The Rhology Confusion
Rhology: #1 - The JN would inflict his moral views on the rest of us, just as he says we should not do. In making the very statement that one should not inflict one's moral views on another, he does the same. As James White says, "Inconsistency is the sign of a failed argument".
Nihilist: Sorry, Rhology, but a careful reading of my essay clearly shows that I make no statements regarding objective morality. I do not assert that Christofascist and Islamofascist authoritarianism are immoral in any objective or absolute sense (although they offend my confected moral code). I also do not proclaim that leaving each other alone, and embracing a diversity of ethical opinions, constitutes moral rectitude in any objective or absolute sense (although, personally, I find the Zero Aggression Principle persuasive). In the piece, I simply made an inarguable observation about behavioral coherence. Given our manifest moral ignorance—illustrated by the fact that no moral code has been proved objectively correct—the idea of a Christofascist attempting to impose his arbitrary moral opinions on me is precisely analogous to me, an aficionado of red, demanding that Rhology abandon his own favorite color and recognize the superiority of mine.

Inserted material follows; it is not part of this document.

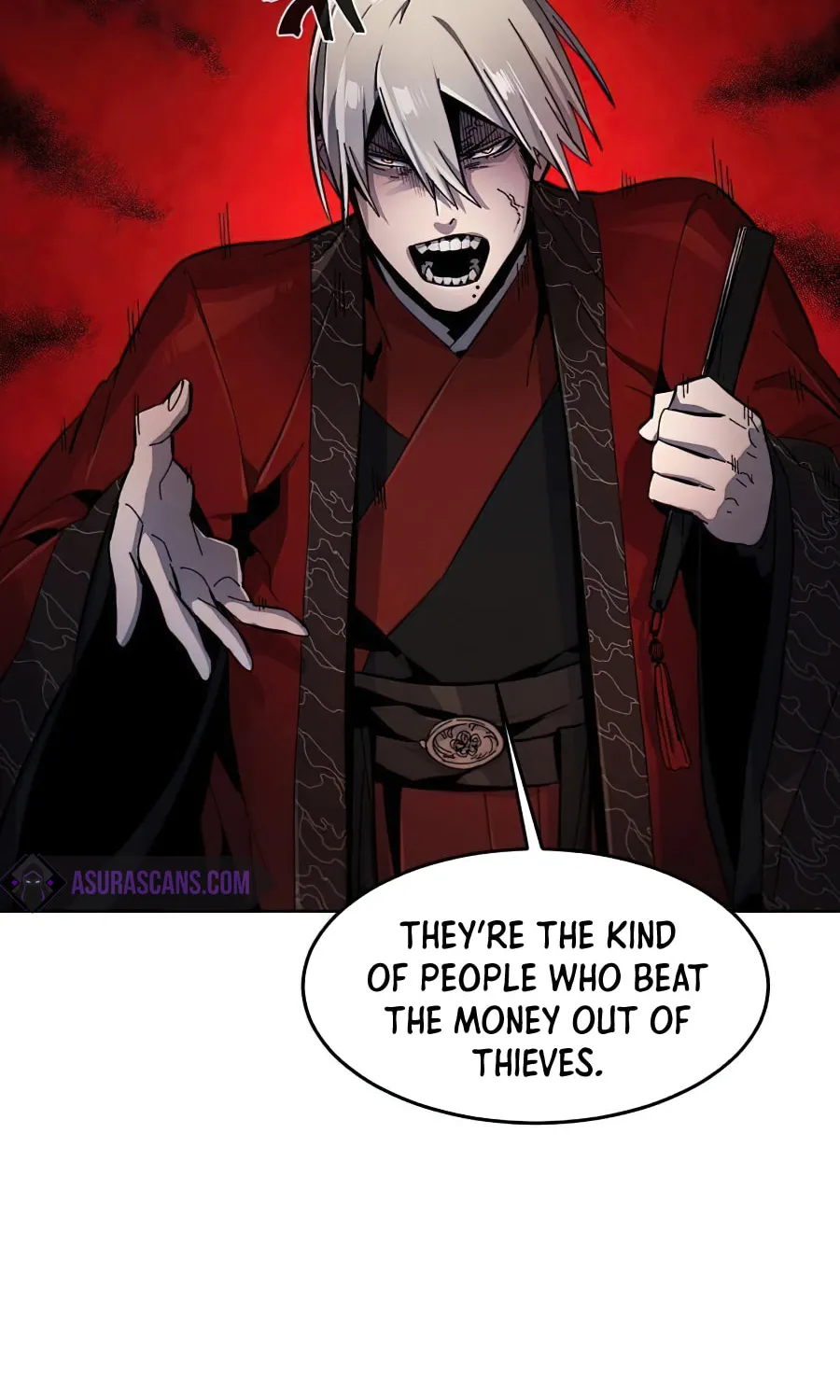 Return of the Mad Demon Chapter 16 page 27 -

I classify such behavior as neither moral nor immoral; it is incoherent and silly. Given the dearth of moral facts, attempts at coercion are manifestly incoherent. And, let it be known: My embrace of moral relativism does not flow from my unique possession of moral truth; rather, I am a moral relativist because I recognize our collective moral ignorance, and a relativistic view flows naturally therefrom. It makes no sense for one to be coercive with respect to things about which one is ignorant.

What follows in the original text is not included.